Football playoffs with Max, thinking about Dallas and the myth of sisyphus, their owner Jerry Jones suffering into truth; firing Jimmy Johnson was like Boston trading Babe Ruth. The team is cursed to endure its own Curse of the Bambino style championship drought, just as the Boston Red Sox did between 1918 and 2004.

The teenager rode to meet friends for music, arriving at the Sutan Room early, stopping for a slice and some quality Anna Karenina time, convening with Thomas and Theresa, unpacking some of the strangeness of it all.
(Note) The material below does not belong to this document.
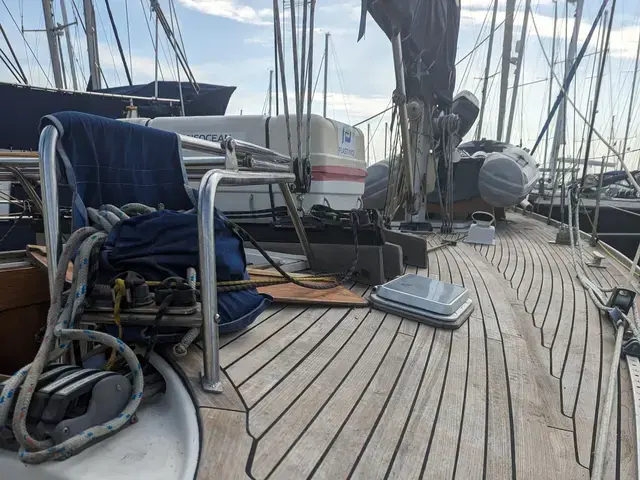 Helmsman Bosun Queen 55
"She felt that her eyes were opening wider and wider, her fingers and toes twitching nervously , and that something inside was pressing in on her breathing..." wrote Tolstoy, of Anna with herself, with god, standing with a stranger, wondering about the train, moving forward. backward or sitting still, as agency or free will or fate, standing with a stranger, transgressing, trying to come to grips with it all. "All the forms and sounds in the waverring semidarkness struck her with extraordinary vividness"...

The flurries drifted through the sky. 

And my friend Carson recalled the Dead, Joyce’s words about the snow:

“It lay thickly drifted on the crooked crosses and headstones, on the spears of the little gate, on the barren thorns. His soul swooned slowly as he heard the snow falling faintly through the universe and faintly falling, like the descent of their last end, upon all the living and the dead.”